Гурьев зарычал сквозь зубы, упёрся, выгнул спину – и отыграл назад. Руки снова встали посредине, ходуном ходят. Жилы на шее у обоих повздувались, выступил пот.
– Силён, медведь, – прохрипел Гнатюк. – А всё одно дожму.
– Дожмёшь ты… в следующей жизни, – выдохнул Гурьев.
Возились долго, к общему восторгу. А кончилось внезапно: Гнатюк поднажал в последний раз, всем своим бычьим весом, и припечатал Гурьеву кисть к камню. Народ взвыл – половина радостно, половина горестно.
– Кисет гони! – заорал Колька.
– Так нечестно, – отдувался Гурьев, тряся отдавленной рукой. – Я с дороги, выдохся. Вот отдышимся – переборемся, тогда поглядим.
– Слыхали отговорку? – хохотал Гнатюк, довольный, как слон. – Завсегда так: проиграл – значит, с дороги. Плитку, товарищ лейтенант.
Петро со вздохом полез за трофейным шоколадом. Посмеялись, тут же разделили и умяли выигрыш, погалдели, и словно снег вокруг перестал быть холодным. Дзагоев дал десять минут на это веселье и повел нас дальше.

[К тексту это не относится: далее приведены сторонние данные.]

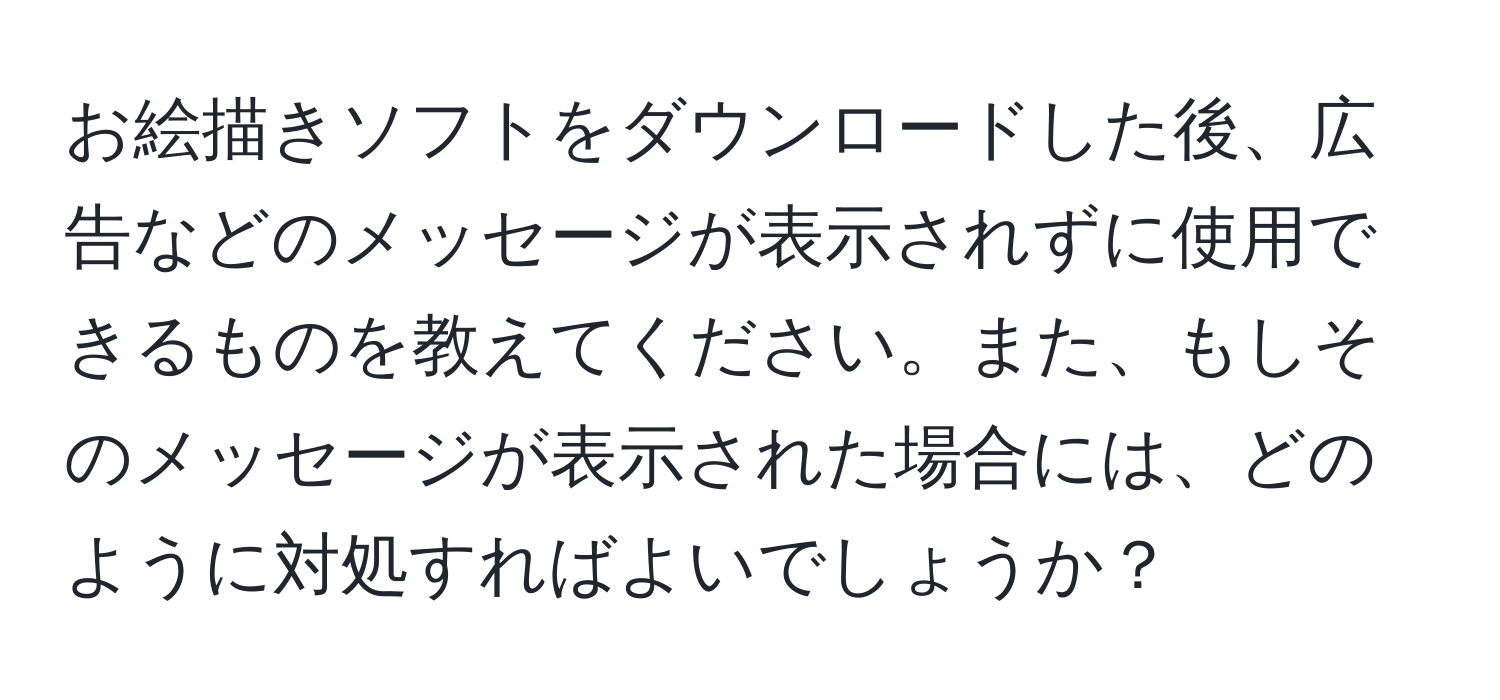 お絵描きソフトをダウンロードした後、広告などのメッセージが表示されずに使用できるものを教えてください。また、もしそのメッセージが表示された場合には、どのように対処すればよいでしょうか？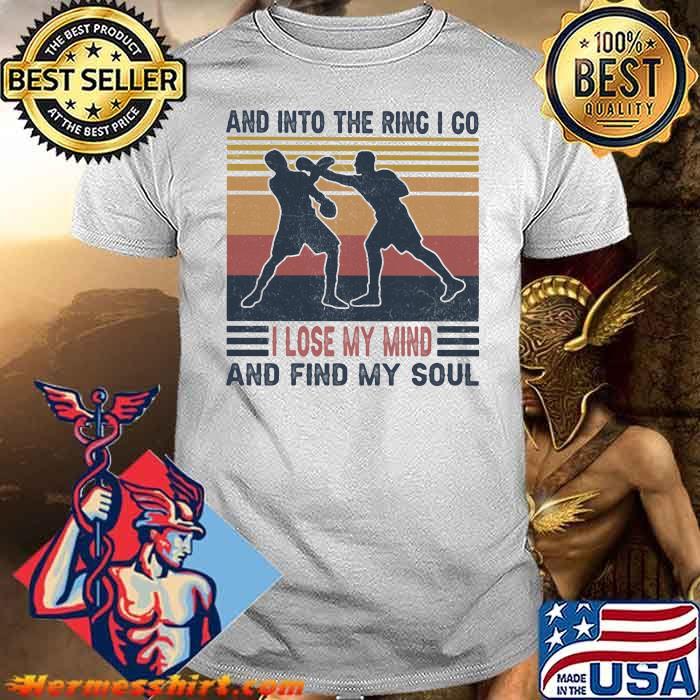 And Into The Ring I Go I Lose My Mind And Find My Soul Boxing Vintage Shirt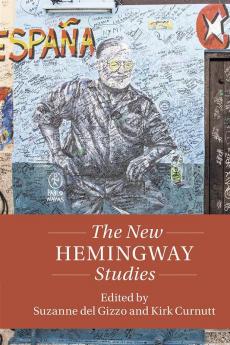 The New Hemingway Studies
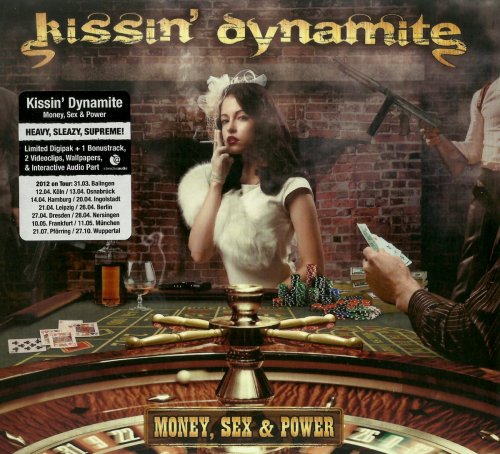 Kissin' Dynamite - Money, Sex & Power [Limited Edition] (2012)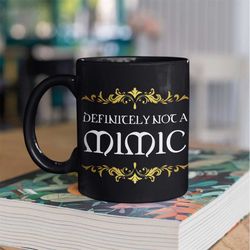 dnd gifts, dnd mug, dnd drinkware, definitely not a mimic, rpg tabletop mug, dungeons and dragons, dungeon master mug ge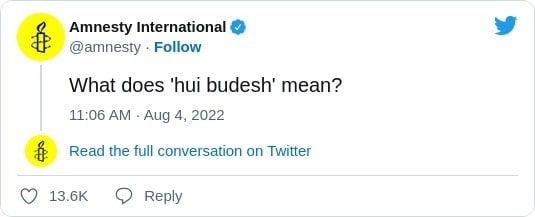Amnesty International @amnesty Follow What does ‘hui budesh' mean? 11:06 Aug 4, 2022 Read the full conversation on Twitter Reply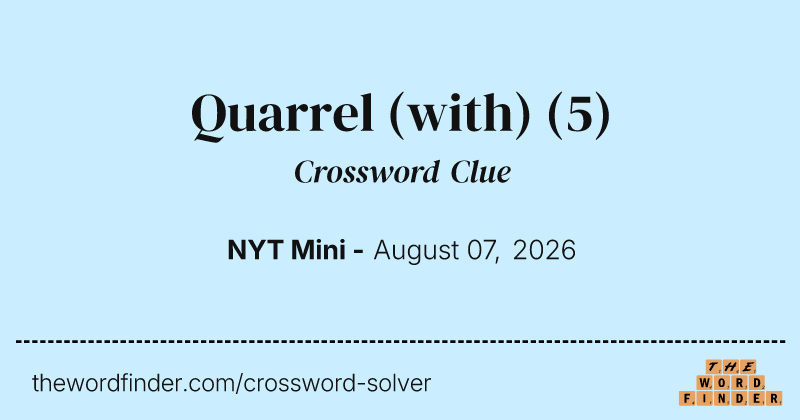 Quarrel (with) crossword clue image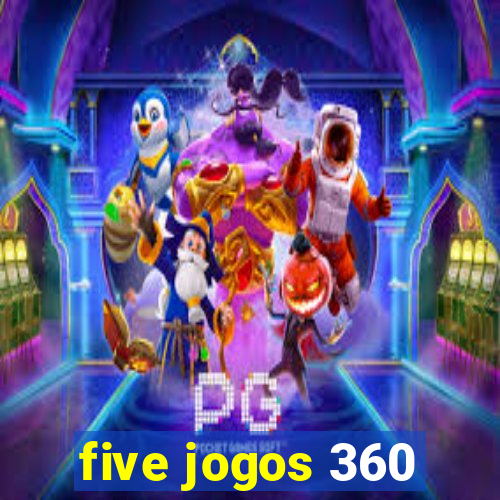 five jogos 360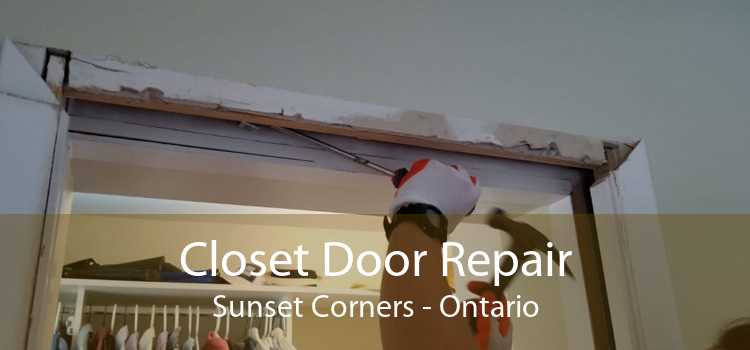 Closet Door Repair Sunset Corners - Ontario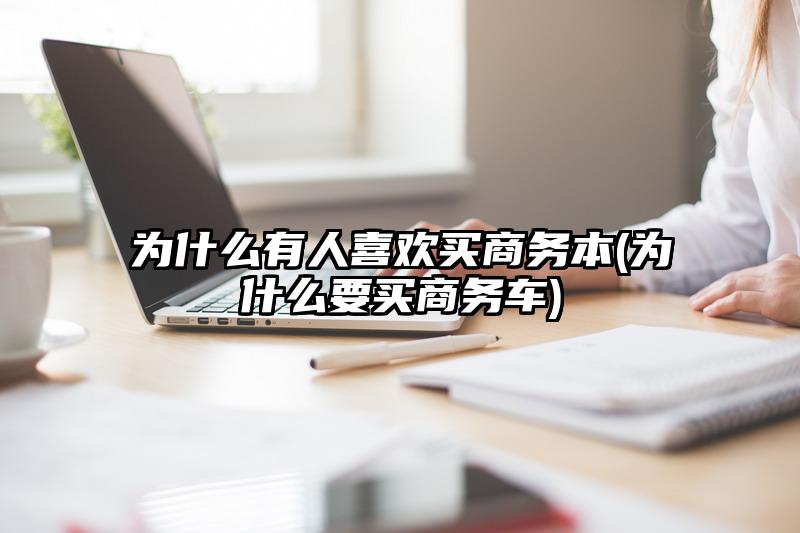 为什么有人喜欢买商务本(为什么要买商务车)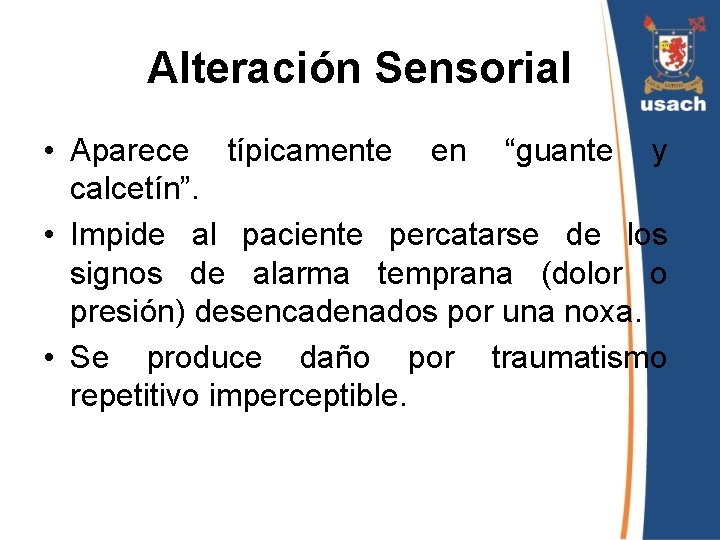 Alteración Sensorial • Aparece típicamente en “guante y calcetín”. • Impide al paciente percatarse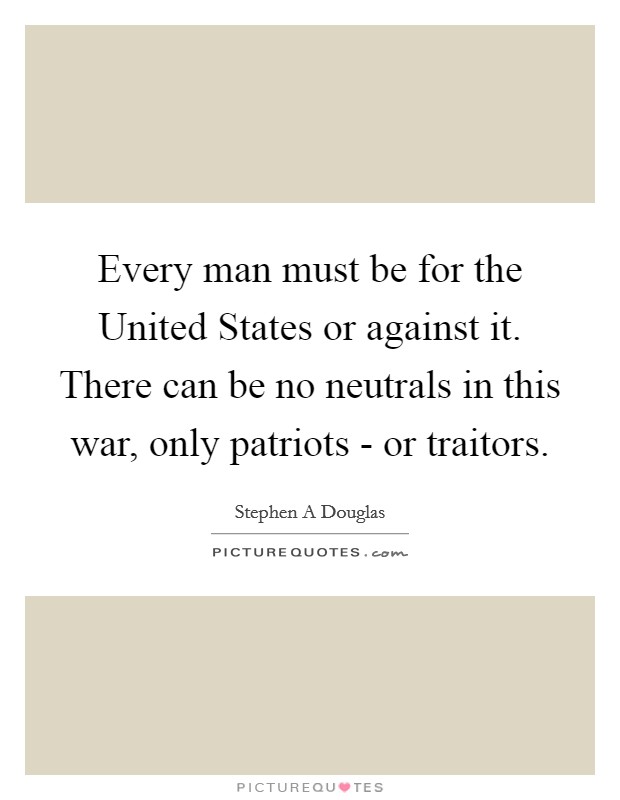 Every man must be for the United States or against it. There can be no neutrals in this war, only patriots - or traitors Picture Quote #1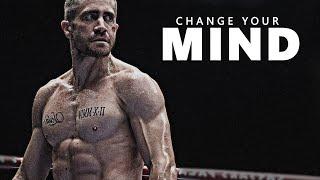 CHANGE YOUR MIND - Motivational Speech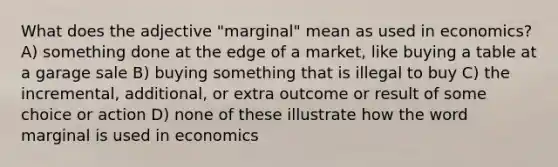 What does the adjective "marginal" mean as used in economics? A) something done at the edge of a market, like buying a table at a garage sale B) buying something that is illegal to buy C) the incremental, additional, or extra outcome or result of some choice or action D) none of these illustrate how the word marginal is used in economics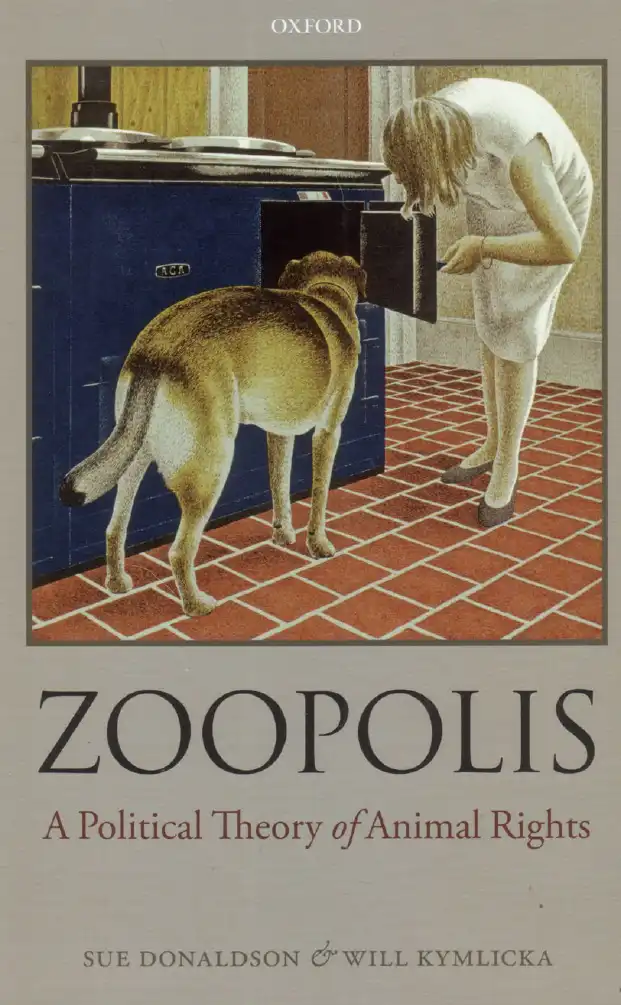 Zoopolis: A Political Theory of Animal Rights — Sue Donaldson and Will Kymlicka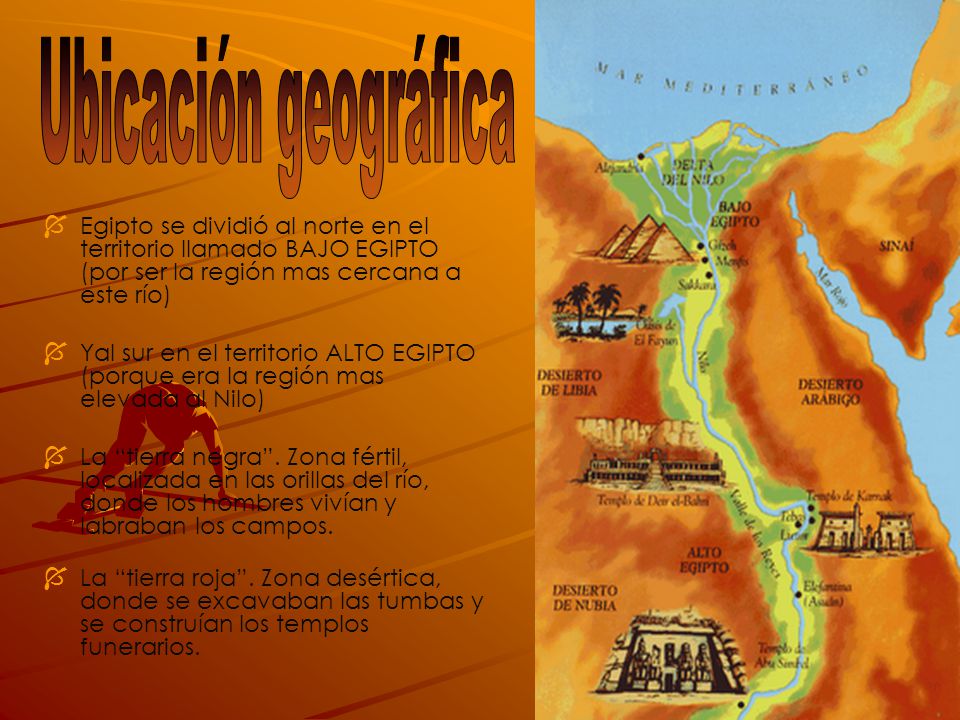 Ubicación geográfica Egipto se dividió al norte en el territorio llamado BAJO EGIPTO (por ser la región mas cercana a este río)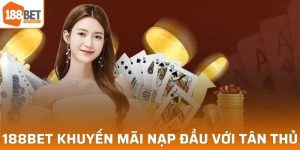 188BET khuyến mãi nạp đầu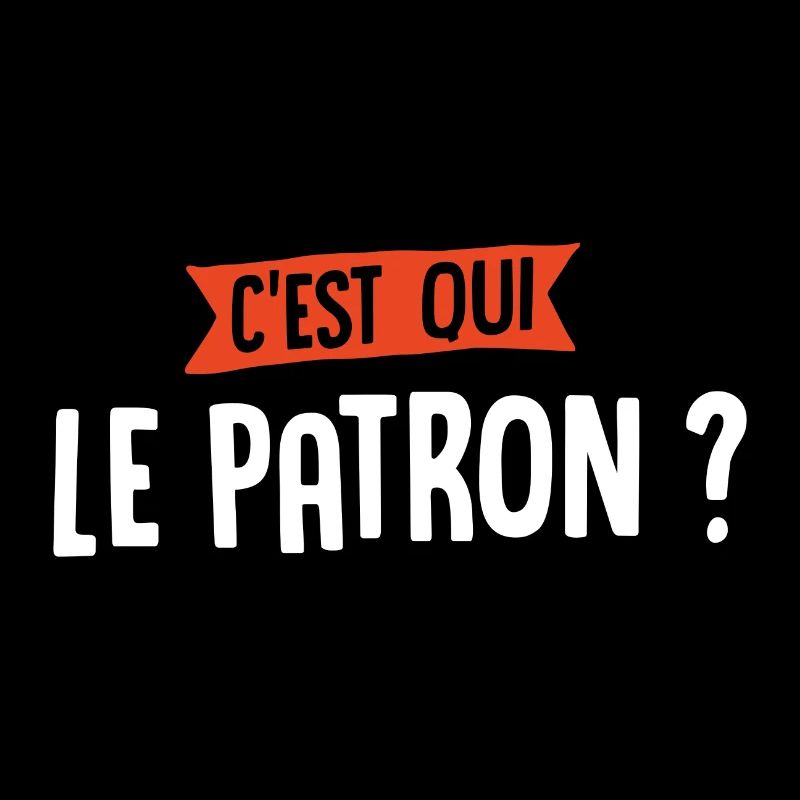 C'est qui le patron ?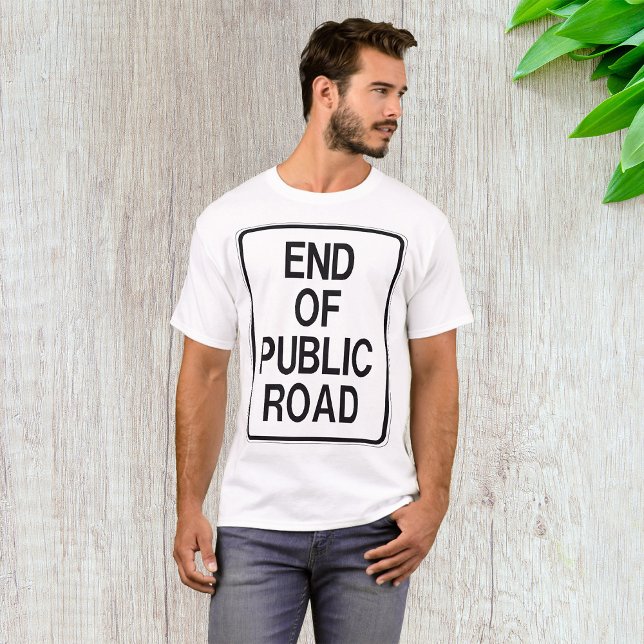 End Of Public Road Sign T-Shirt (Creator Uploaded)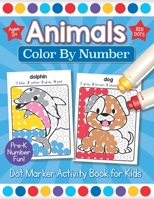 Animals Color By Number Dot Marker Activity Book for Kids: Easy Preschool Math and Paint Dot Coloring Ages 3-4 B08YQCN4ZZ Book Cover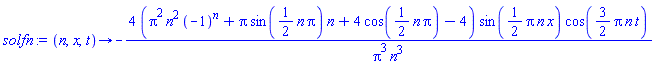 proc (n, x, t) options operator, arrow; -4*(Pi^2*n^2*(-1)^n+Pi*sin((1/2)*n*Pi)*n+4*cos((1/2)*n*Pi)-4)*sin((1/2)*Pi*n*x)*cos((3/2)*Pi*n*t)/(Pi^3*n^3) end proc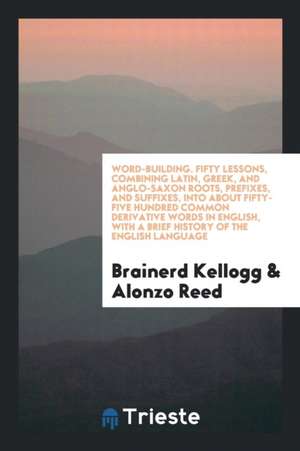 Word-Building. Fifty Lessons, Combining Latin, Greek, and Anglo-Saxon Roots, Prefixes, and Suffixes, Into about Fifty-Five Hundred Common Derivative W de Brainerd Kellogg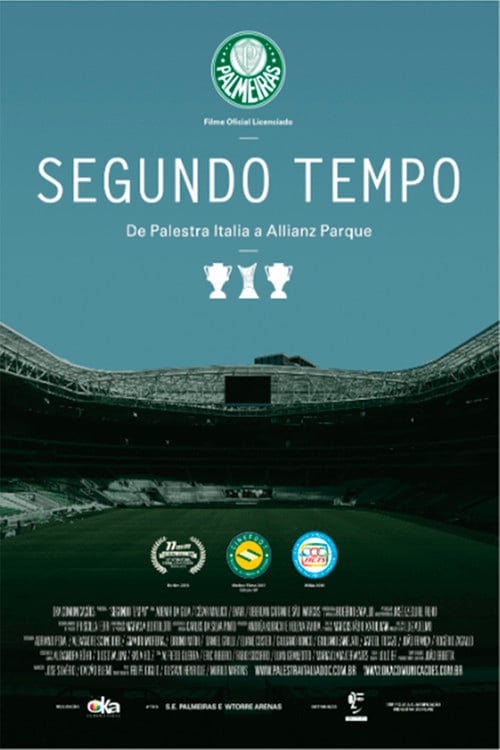 Дивитися фільм Segundo Tempo 2017 онлайн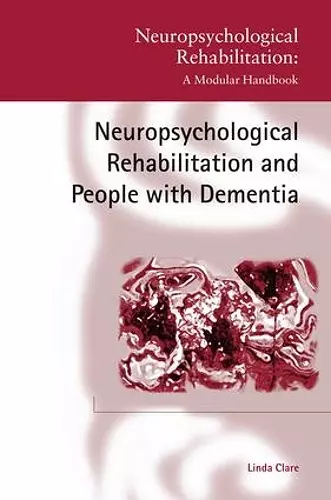 Neuropsychological Rehabilitation and People with Dementia cover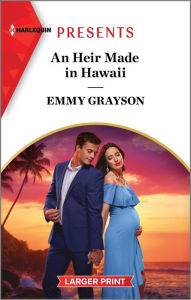 Title: An Heir Made in Hawaii, Author: Emmy Grayson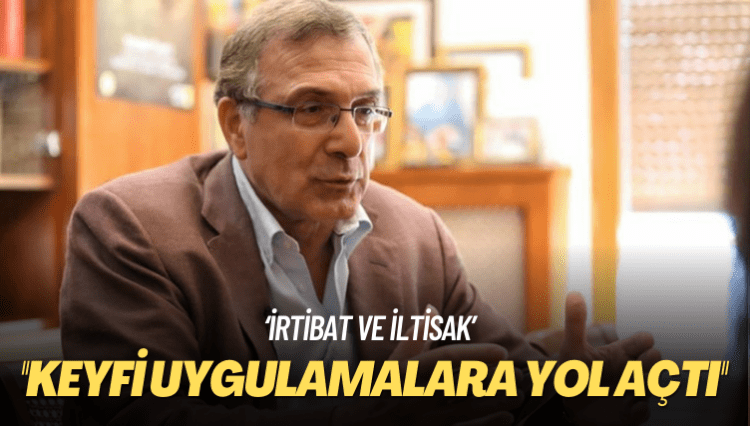 Ceza hukukçusu Adem Sözüer: ‘İrtibat ve iltisak’ kavramları kanundan çıkarılmalı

К старому аулу мы вышли под вечер. Он лепился к склону над ущельем – десятка два каменных саклей, серых, слепых, с провалившимися кое‑где кровлями. И башня. Высокая, четырёхгранная, сложенная из дикого камня, она торчала над аулом, как обломанный зуб – верхушка осыпалась, в боку зияла рваная дыра.
– Пусто, – заявил Поляков, озираясь. – Бросили, что ли?
– Бросили, – кивнул Дзагоев.
Он шёл по мёртвой улочке медленно, и лицо у него было не такое, как всегда.
– Давно, – продолжил он. – Народ вниз спустился, в долины, ещё до войны. А раньше тут жили. Крепко жили.
Он остановился у башни, тронул ладонью щербатый камень.
– Видишь дыру? Это не время. Это пушка. Царская, – он помолчал. – Деды наши тут против войска царева бились. При Шамиле ещё. Заперлись в башне, лестницы убрали – её ж так строили, чтоб снизу не взять, вход высоко, на верёвках поднимались. Долго держались. А потом подвезли пушку, и всё. Камень – он против человека крепок, а против пушки нет.
– И что, всех? – тихо спросил Поляков.